Конец года выдался в Европе залихватским. Во всех наиболее влиятельных странах Старого Света — события, вполне претендующие на звание судьбоносных. В Великобритании страсти в клочья вокруг предстоящего выхода из ЕС — чем ближе «час Икс», тем острее страх неуправляемого хаоса. Во Франции невесть откуда взявшийся бунт «желтых жилетов», тем более пугающий, что структуру его и движущие силы очень трудно определить. В Германии переход от эпохи Меркель к чему-то другому, пока что канцлер покинула пост лидера партии ХДС, что вызвало интенсивные дискуссии о будущей модели развития. Италия под управлением «популистов» отказывается следовать в общем русле, будь то миграция или бюджетная политика. Бастионом политического мейнстрима только что выглядела Испания (что само по себе экстравагантно), там правит левое правительство, казалось бы, опровергающее тенденцию к поправению и упадку классических партий. Но и тут свое — на региональных выборах в Андалусии взлетели ультраправые, то есть и испанская политика не в стороне от тренда.
Генезис политических потрясений и перемен везде особенный, под одну гребенку чесать не стоит. Однако последствия однотипные, и главное — все национальные ситуации выстраиваются в единую линию в том, что касается будущего Европы как единого целого. А оно под вопросом, как минимум в том виде, к которому все привыкли.

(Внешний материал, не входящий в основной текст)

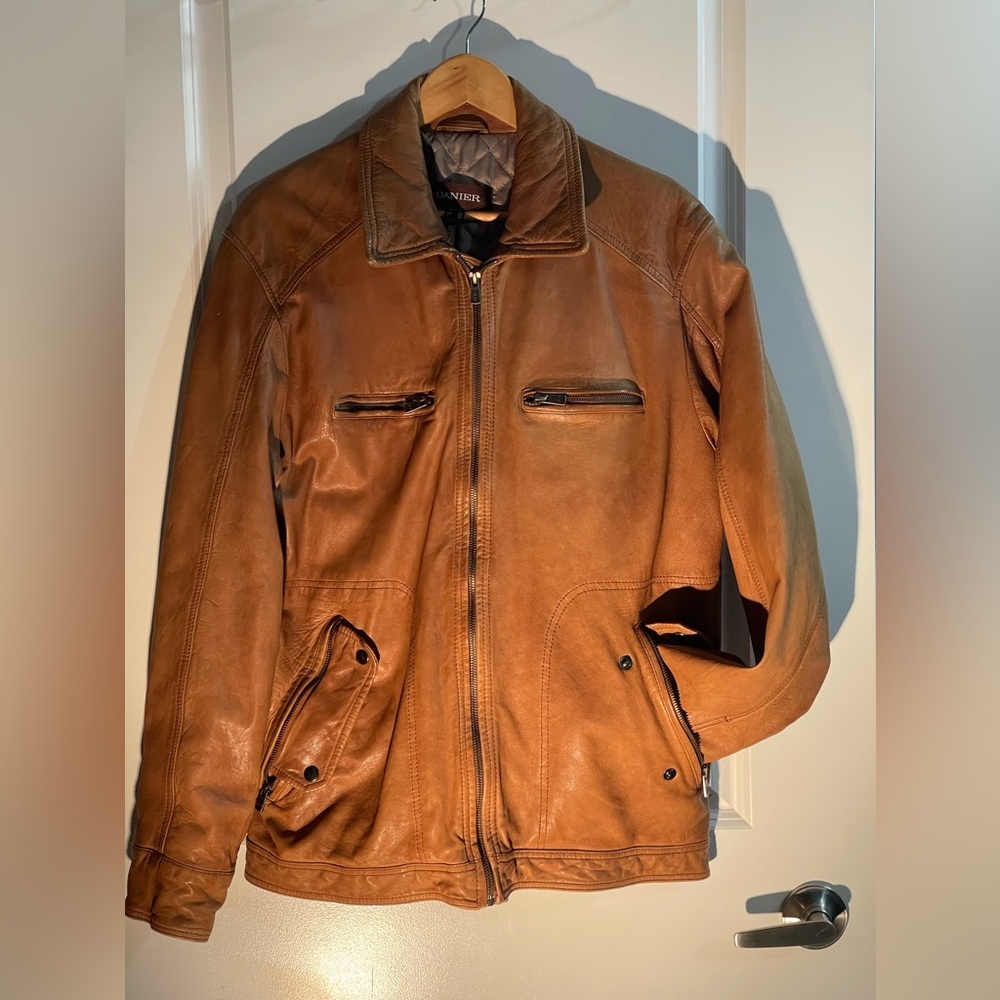 Brown DANIER Leather Men Size XL Jacket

Еще пару лет назад, когда европейские комментаторы и чиновники стали со скрипом признавать, что победный марш европейского проекта приостановился под грузом структурных проблем, выход предлагалось искать в обновлении системы европейского лидерства. Сначала реанимировалась идея о «европейском ядре», которое заинтересовано в углублении интеграции и готово рвануть вперед, служа остальным не столько даже локомотивом, сколько ориентиром. Но это требовало понятной и хорошо управляемой обстановки в ключевых западноевропейских государствах. А тут как раз начались сбои — рост антисистемных сил и ослабление привычных институтов. Пару лет назад идея ядра трансформировалась в представление о «германском лидерстве». Меркель стали воспринимать в качестве единственного по-настоящему дееспособного руководителя в Европе, и на нее — не без опасений по поводу возможной гегемонии Германии — рассчитывали как на вероятную «организующую и направляющую силу». Миграционный кризис 2015 года подкосил позиции канцлера. Последний вариант, фигурировавший еще год-полгода назад, предусматривал новый запуск «франко-германского мотора», ведь молодой красавчик-президент Франции Эммануэль Макрон, считался олицетворением новой светлой эры.

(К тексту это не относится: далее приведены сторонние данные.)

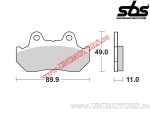 Pastilhas de freio dianteiras - SBS 542RQ (tecnologia de carbono) - (SBS)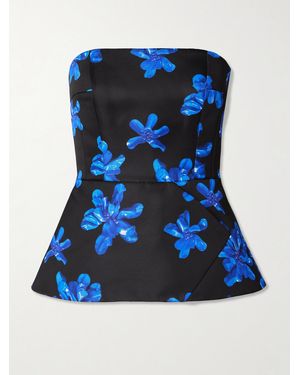 Emilia Wickstead Regan Strapless Floral-Print Faille Bustier Top - Blue
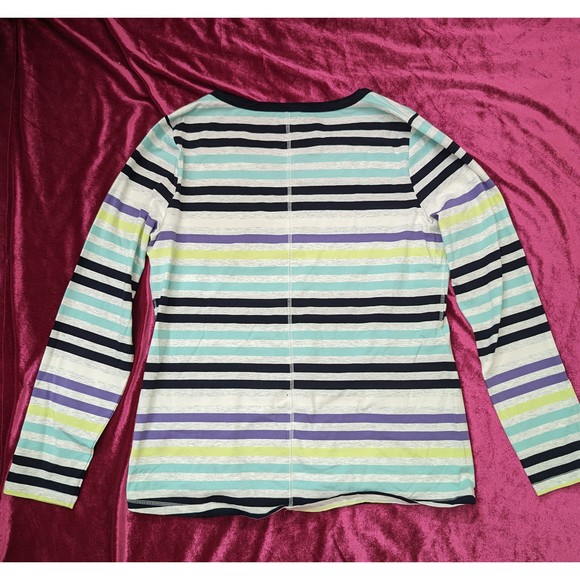 TALBOTS Cotton T-Shirt Long-sleeve Striped Casual Sz L Purple - Picture 7 of 7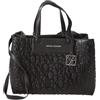 Armani Exchange Liz Pebble Embossed Logo Texture Bag, Black, Nero, taglia unica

Что сегодня? Макрон выглядит растерянным и теряющим контроль над ситуацией в собственной стране, куда уж тут вести континент. В Германии схватка за преемство. На только что прошедшем в Гамбурге съезде ХДС шла ожесточенная борьба за руководство партией не между персонами, а между видениями дальнейшего пути. Пока верх взяла самая умеренная и осторожная из линий — крупнейшую партию Германии возглавила Аннегрет Крамп-Карренбауэр, поддержанная Меркель. Два других кандидата выступали с критикой линии канцлера, призывая к более правым и консервативным позициям. Чаша весов склонилась к менее радикальному варианту, но почти половина партийцев — за более внятные изменения. Как бы то ни было, съезд, как и другие события в политической жизни Германии, не оставляют сомнений, что страна вступила в период не косметических, а содержательных перемен, и ее способность быть флагманом Европы ограничена.

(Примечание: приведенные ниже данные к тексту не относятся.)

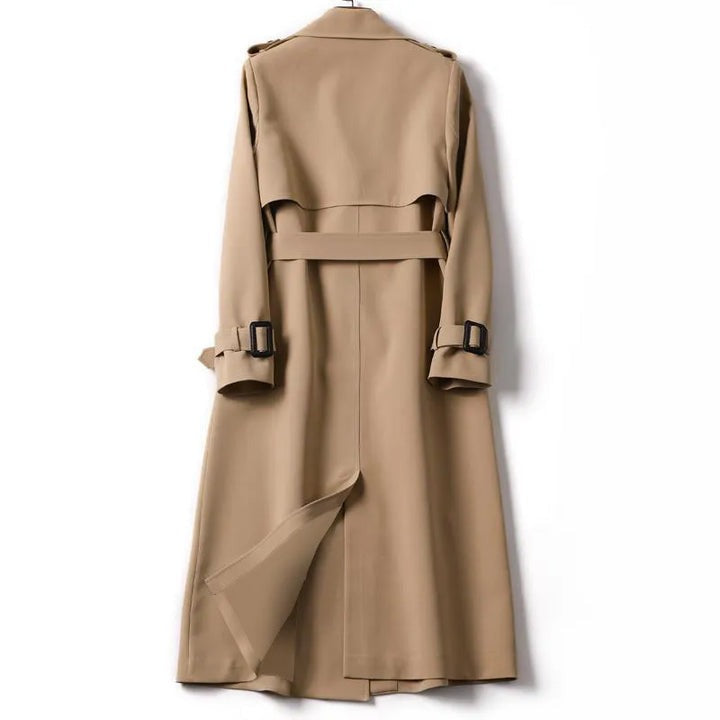 "Trench-coat Astra élégant et imperméable, vue avant, style chic avec tissu waterproof, couleur beige classic pour femmes"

Весной 2019 года в Европе предстоят очень важные выборы в Европарламент. Раньше к ним всегда относились скептически или равнодушно — в Брюссель/Страсбург отправлялись либо отставники, либо маргиналы. Сейчас, однако, главное в Европе — атмосфера, она определяет тенденции, те самые, которые истеблишмент жаждет переломить, а его противники развить. И если, как пугают наиболее нервные аналитики, в новом составе ЕП возникнет действительно мощная фракция евроскептиков, психологический эффект будет значительным. Не случайно так суетится одержимый консервативной революцией Стивен Беннон, снующий по Европе, как челнок, а с другой стороны — правительства впервые пытаются выстроить глубокую стратегию поведения на этих прежде второстепенных выборах.
События во Франции произвели шокирующее впечатление не из-за размаха протестов или погромов — революционной уличной экспрессией потомков галлов не удивишь. Но разлом между обществом в его многообразии и политическими структурами, тоже весьма различными, увеличивается (почти три четверти французов симпатизируют «жилетам»). Примечательно, что и «популисты», в общем, не у дел — у них не получается поставить протесты себе на службу. Макрон шел на выборы и триумфально победил полтора года назад как новая сила, противопоставленная прогнившему правящему классу. То есть попытался (казалось — успешно) перехватить антисистемную повестку и сохранить привычную управляемость, имитируя кандидата со стороны (каковым он, конечно, не являлся). «Желтые жилеты» разносят эту попытку в пух и прах, отвергая «подделку». Интересно, что им в итоге покажется настоящим.